I started feeling internal peace when I joined the international platform for peace building within my field of profession last year in August. When I got selected for the YaLa Young Leaders Citizen Journalism training program for peacebuilding, everything opened up in my soul.

Sometimes, a sprout is not recognized until it grows big to a point when people start picking fruits from it. It takes only the few to pay attention to it, for they know its fruitful destination. It took my passion for peaceful living and hope to participate in the YaLa program. I completed the YaLa program in December 2016 and was awarded a prestigious certificate that soon saw me flying to the headquarters of the Africa continent to represent my country on a peacebuilding mission.

It was early January 2017 when I felt that YaLa Young Leaders gave me the opportunity to go through peacebuilding and citizen journalism training first, before representing Malawi at the 1st African Union Intercontinental – Interfaith Dialogue on Violent Extremism (iDOVE) youth forum at African Union Commission in Addis Ababa, Ethiopia.

Amid surfing on internet, looking for opportunities, I stumbled upon a call for youth participation in the AU Interfaith Dialogue on Violent Extremism youth forum held at AU-Commission. The forum was calling for peace activist youth from Africa and Europe. For I had acquired international skills from YaLa and could not afford to let the opportunity to pass by me. I applied for the forum with reference to YaLa and related activism acquired while working with Sustainable Rural Growth and Development Initiative (SRGDI), a local non-government organisation in Malawi.  

On February 3, 2017 my just sprouting wings for peacebuilding grew stronger when I got an email that said I was selected to participate in the first Interfaith Dialogue on Violent Extremism (iDove) Youth Forum organised by the African Union Commission (AUC), Gesellschaft Internationale Zusammenarbelt (GIZ) and Institute for Peace and Security Studies (IPSS). In my disbelief, I repeated reading the email with a silent YaLa song; my heart was filled with joy that many felt.

The email was a dove with an answer to my desire to become an internationally-recognised peace activist. I considered myself privileged that I was among 40 young people selected from a pool of 4,000 applicants from Africa and Europe.  As the young leaders entrusted from the two continents, at the forum we deliberated on issues pertaining to Preventing Violent Extremism (PVE) through the soft power of religion.
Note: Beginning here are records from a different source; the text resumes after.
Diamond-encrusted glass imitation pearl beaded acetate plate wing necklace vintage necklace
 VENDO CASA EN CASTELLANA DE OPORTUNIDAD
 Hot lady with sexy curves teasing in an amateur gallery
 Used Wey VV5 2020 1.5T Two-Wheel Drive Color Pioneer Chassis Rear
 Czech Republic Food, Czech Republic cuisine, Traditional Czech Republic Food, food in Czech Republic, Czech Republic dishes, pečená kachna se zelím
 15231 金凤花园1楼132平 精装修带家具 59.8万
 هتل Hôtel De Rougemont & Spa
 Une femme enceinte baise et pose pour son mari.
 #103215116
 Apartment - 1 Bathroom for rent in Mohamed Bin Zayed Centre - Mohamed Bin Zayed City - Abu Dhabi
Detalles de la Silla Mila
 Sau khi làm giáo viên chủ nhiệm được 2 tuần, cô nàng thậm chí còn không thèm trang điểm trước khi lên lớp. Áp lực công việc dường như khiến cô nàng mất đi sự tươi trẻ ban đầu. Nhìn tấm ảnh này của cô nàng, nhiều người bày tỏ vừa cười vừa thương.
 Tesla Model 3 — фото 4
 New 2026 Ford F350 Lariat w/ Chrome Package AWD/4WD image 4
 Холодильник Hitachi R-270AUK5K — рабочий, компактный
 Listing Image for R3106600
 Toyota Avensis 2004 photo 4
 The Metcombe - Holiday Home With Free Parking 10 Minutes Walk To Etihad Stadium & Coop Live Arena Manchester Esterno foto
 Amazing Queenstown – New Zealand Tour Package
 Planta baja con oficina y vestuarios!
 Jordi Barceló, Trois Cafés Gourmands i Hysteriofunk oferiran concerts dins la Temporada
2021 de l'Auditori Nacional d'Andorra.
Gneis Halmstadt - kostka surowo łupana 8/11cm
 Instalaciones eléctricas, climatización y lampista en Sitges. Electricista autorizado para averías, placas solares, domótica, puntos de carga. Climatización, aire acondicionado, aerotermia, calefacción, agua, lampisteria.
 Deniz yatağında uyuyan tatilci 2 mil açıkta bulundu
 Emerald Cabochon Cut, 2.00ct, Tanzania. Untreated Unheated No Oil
At the forum, we also produced contemporary recommendations and activities on how to prevent Violent Extremism.

More interesting at the forum, we went so far as to develop strategic directions for the iDove project based on principles and methods of interfaith dialogue on preventing extremism and de-radicalisation. We developed suitable concepts and applications for the iDove website, which was launched at the forum. As the champions for peace, we developed concepts and mechanisms to support small-scale, youth-run communications, virtual, and innovative community initiatives to be implemented in Africa and Europe within project objectives. For establishing and sustaining the iDove movement, we designed plans for a monitoring and evaluation system to monitor the implementation of the small-scale projects and for follow up mechanisms.

Back home. everyone was calling me ‘Dove’ because I flew for the first time in my life. The nick-name corresponded to ‘iDover’ – the name every one of us adopted at the forum. Now I am very proud of that name. With the experience I have acquired from YaLa and iDove, I have the confidence and support to advance in working to prevent violent extremism in Malawi and Africa. Currently, I am working to establish YaLa – iDove to peace making organisations and other stakeholders in Malawi such as Catholic Commission for Justice and Peace (CCJP).